Como siempre me ocurre en los períodos en los que no trabajo, desfasé mis horarios de sueño y ahí estuve, esa noche, despertándome a la madrugada, luego de dormir seis horas. Me había acostado sabiendo que me quedaban pocos cigarrillos, y proponiéndome que dejaría de fumar. Salí de la cama, puse la pava al fuego, tomé unos mates, encendí –nuevamente– la computadora para hacer las mismas cosas de siempre (revisar correo, ver quién estaba el en MSN, en el Facebook, en los foros) y terminé los pocos puchos que quedaban. La primera acción relacionada con el-mundo-fuera-del-monitor que hice fue vestirme y salir a la calle a buscar, a las dos de la mañana, un kiosco abierto.

Hacía mucho frío. Tendría que ir con el auto, pensé; pero decidí que una caminata extensa no me haría nada mal: vestido a las apuradas con la ropa del día anterior y sin lavarme la cara. No salía de casa desde ese día, cuando también fui a comprar cigarrillos, pero al negocio de la esquina. En la madrugada barrial las cosas se hacen distintas, y yo sabía que podría recorrer más de veinte cuadras hasta encontrar, en la noche del lunes al martes –la más muerta de la semana– algo abierto. Pero no me importó.

Caminé hacia la avenida que tengo a tres cuadras yendo por el medio de la calle, para evitar la oscuridad bajo los árboles de la vereda. Uno va cambiando sus rutinas a medida que los noticieros alarman sobre lo que sucede, a veces, a unos pocos metros de casa; últimamente mi barrio aparece mencionado en las noticias policiales casi diariamente. No dejé encendida la luz de la puerta de calle, para que no se notara que me había ido –dentro de un mes, probablemente, lo que haré será dejarla toda la noche, cuando yo esté adentro. Uno sabe que son previsiones inútiles, y que más temprano que tarde volverá a realizar las mismas acciones; si alguien estuviera estudiando con tiempo suficiente los movimientos de una casa, enseguida encontraría los patrones regulares que indicarían, incluso, cada cambio de hábitos. No hay muchas opciones, aun combinadas: dejar la luz encendida o apagada, cerrar de uno u otro modo las persianas que dan a la calle, hacer que una radio o un televisor emitan sonido: en algún momento, no obstante, el chomskyano ladrón accederá a estos parámetros que dan cuenta de los principios que subyacen, y de la sintaxis que los articula.

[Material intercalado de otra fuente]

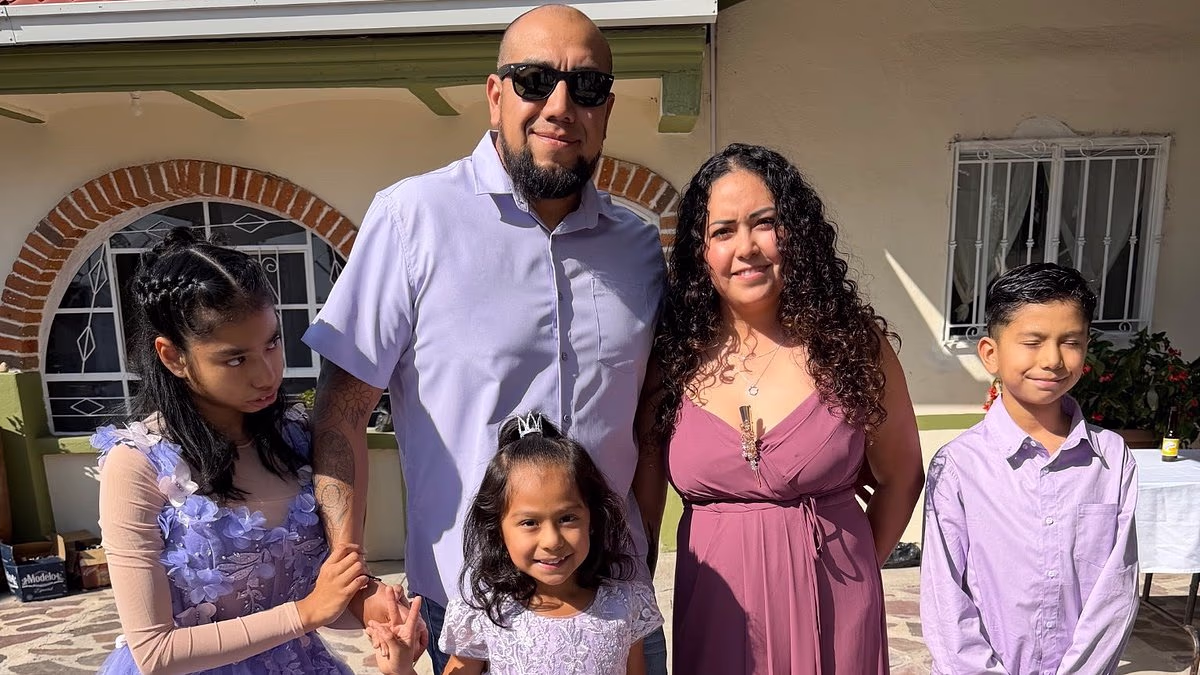 Three victims of Seattle shooting are identified including beloved mom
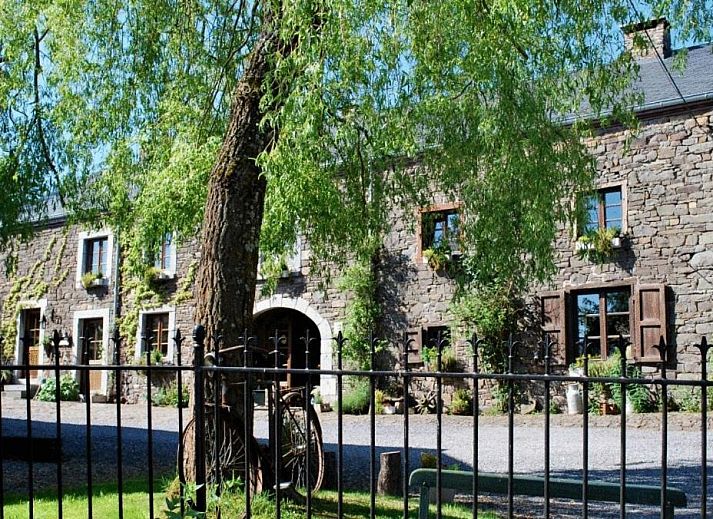 Guest house 3320901 - Bed and Breakfast Luxembourg - B&B Le Clos de la Fontaine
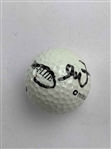 Kuchar, Dent, Funk & 10 Others Signed Golf Balls JSA ALOA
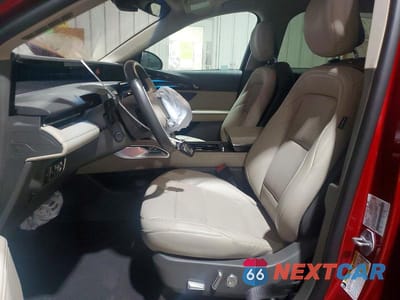 Zdjęcie 7 z 13 samochodu: 2024 LINCOLN NAUTILUS PREMIERE VIN:5LMPJ8JA3RJ862923 - miniatura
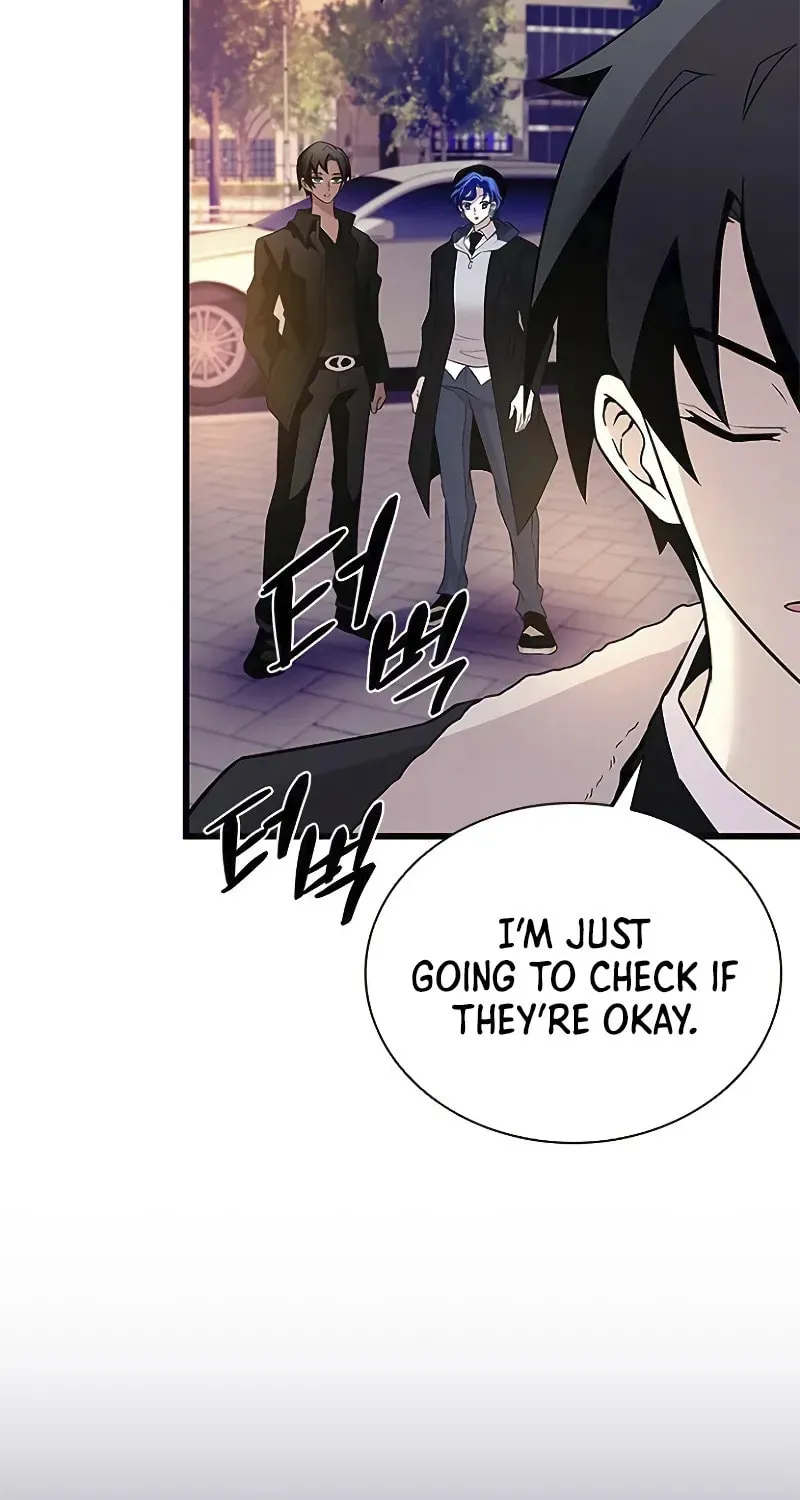 Villain to Kill Chapter 174 page 38 - 
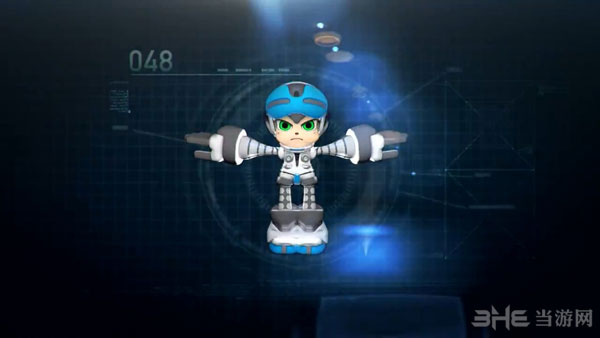 无敌9号预告视频截图1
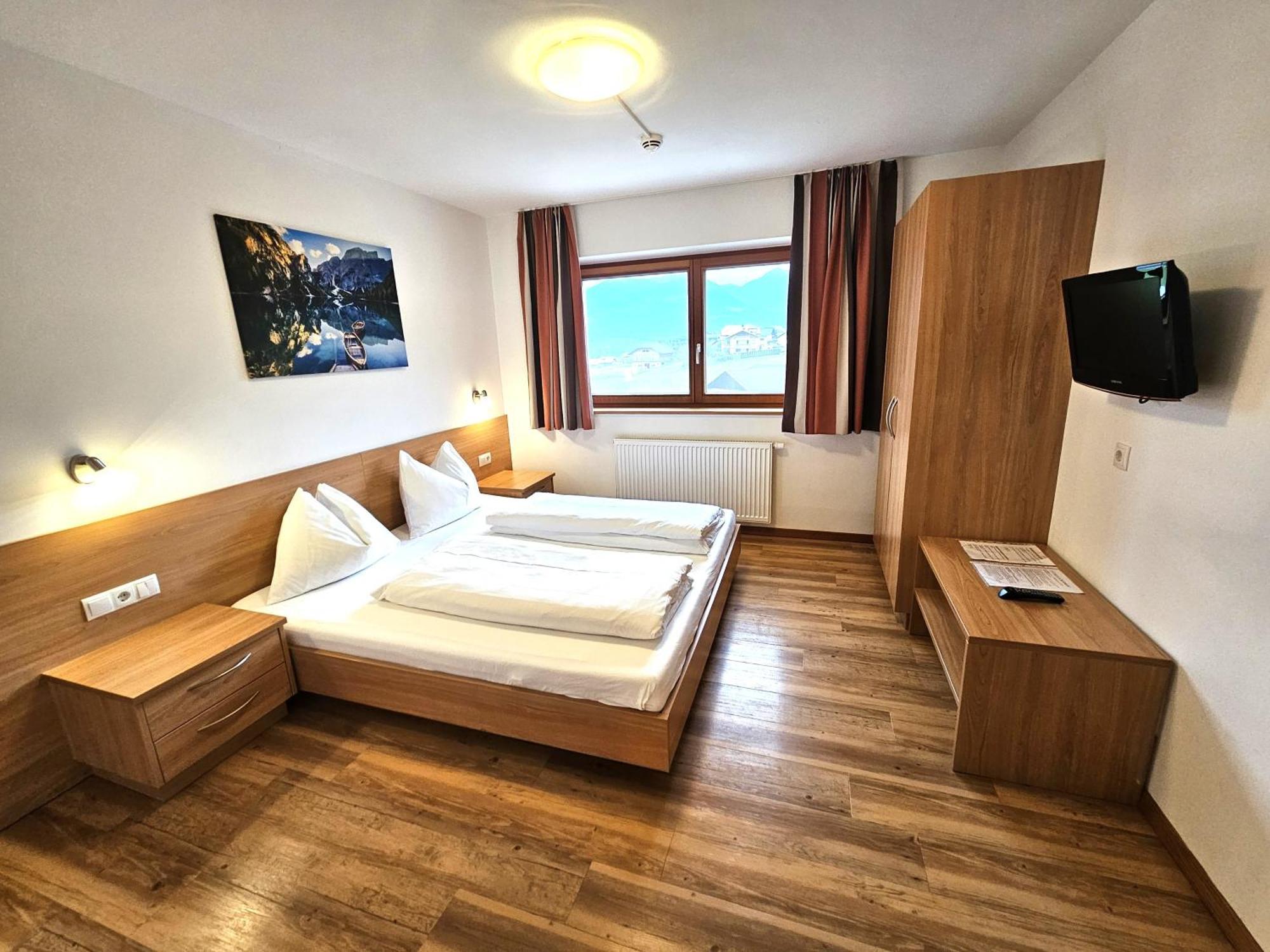 Apartment Pichlerhof Сан-Лоренцо-ди-Себато Экстерьер фото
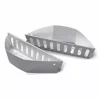 Sale Cesti separa carbone "char basket" per barbecue ø 57 e 67 cm Barbecue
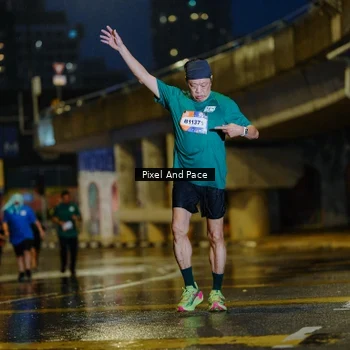 Runner Photo 7811189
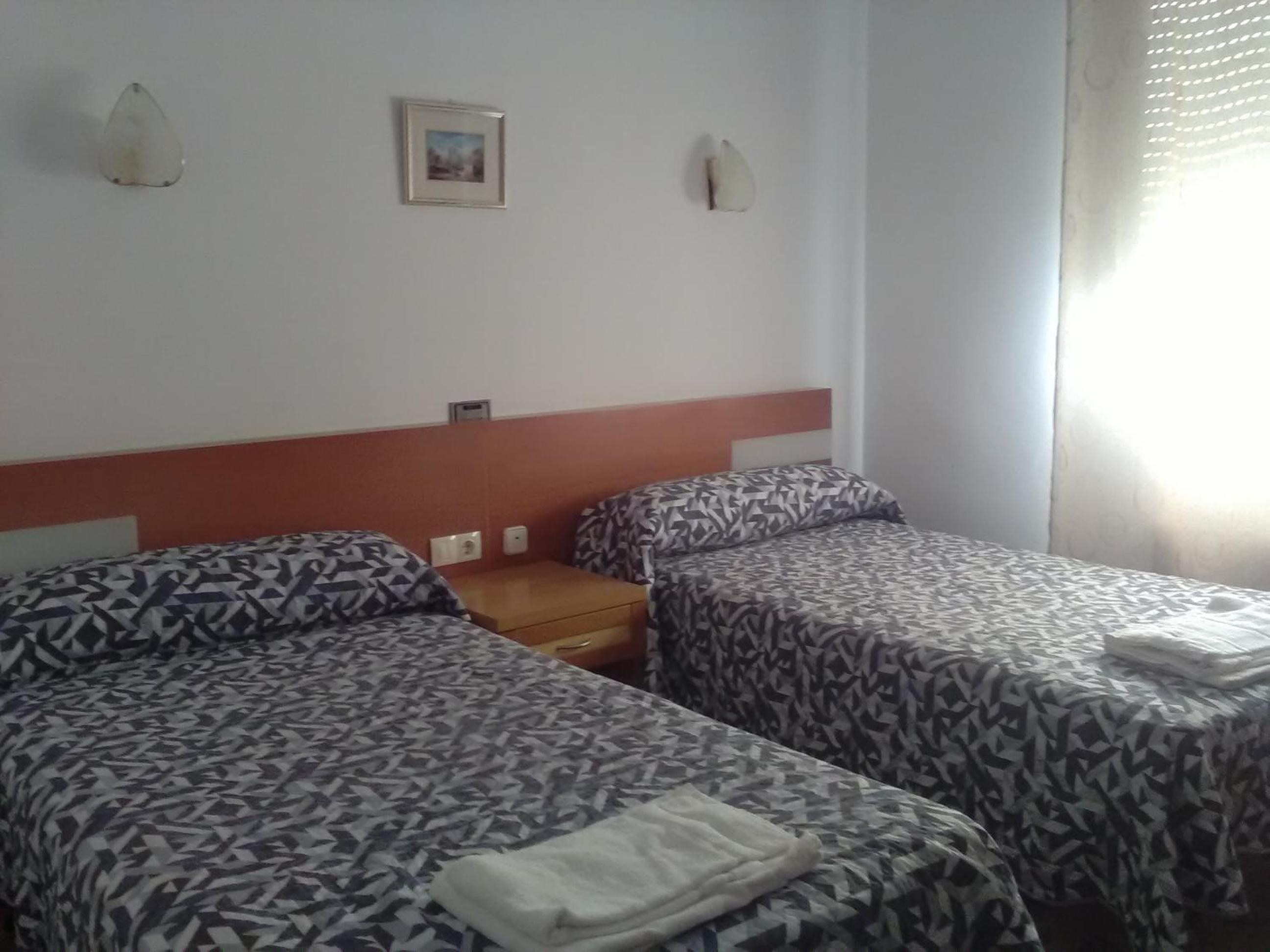 Hostal Restaurante el Cazador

En el camino comencé a analizar si tomaría por Villegas hacia la izquierda, o hacia la derecha. Un auto apareció a lo lejos, de repente y a mucha velocidad, y me tuve que volver a la vereda; lo primero se me ocurrió fue que se detendría y me asaltarían o, quizás peor, intentarían llevarme de recorrida por diferentes cajeros automáticos. En ese segundo que transcurrió entre que me movía y pensaba mi futuro inmediato, caí en la cuenta de que los asaltos exprés habían sido algo en boga a principios de siglo, pero que ya no se informaba sobre ellos y que, por lo tanto, no sucedían. Además, no tenía encima más que los justos doce pesos para comprar, así que en todo caso me levantarían, intentarían llevarme a casa, me resistiría y moriría heroicamente dentro del auto que ya tenía fatalmente frente a mí; la mujer que conducía, visiblemente asustada por manejar a la madrugada, moviendo la cabeza para todos lados, me miró con desconfianza y se fue más rápido todavía.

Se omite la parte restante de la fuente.